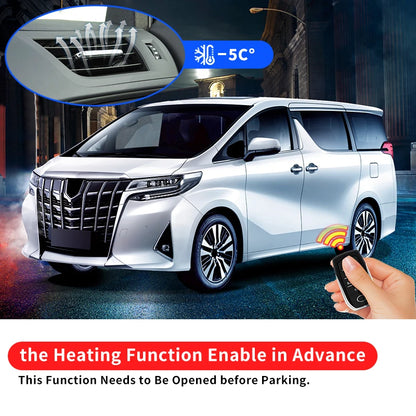 Remote Key Starter,For Toyota Alphard Vellfire  30 Series 2015-2023 Interior Upgraded Modification accessories 2022 2021 2020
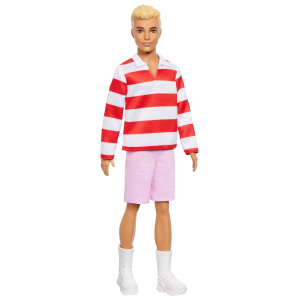 BARBIE KEN madistas dryžuota palaidine (HYV01)
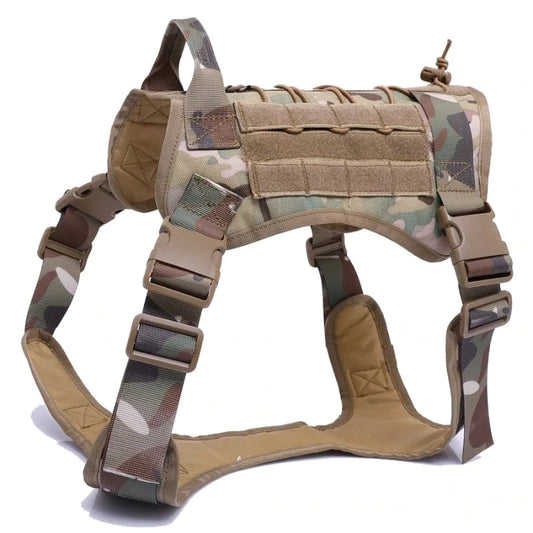 New Heavy Duty Tactical No-Choke Dog Harness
########################################
WHAT YOU ARE ASKED TO DO:
When you copy the listing, keep every line exactly as it is but leave out all images.

SOLUTION FOR THIS TASK:
 Remote Key Starter,For Toyota Alphard Vellfire  30 Series 2015-2023 Interior Upgraded Modification accessories 2022 2021 2020
 BARBIE KEN madistas dryžuota palaidine (HYV01)
 New Heavy Duty Tactical No-Choke Dog Harness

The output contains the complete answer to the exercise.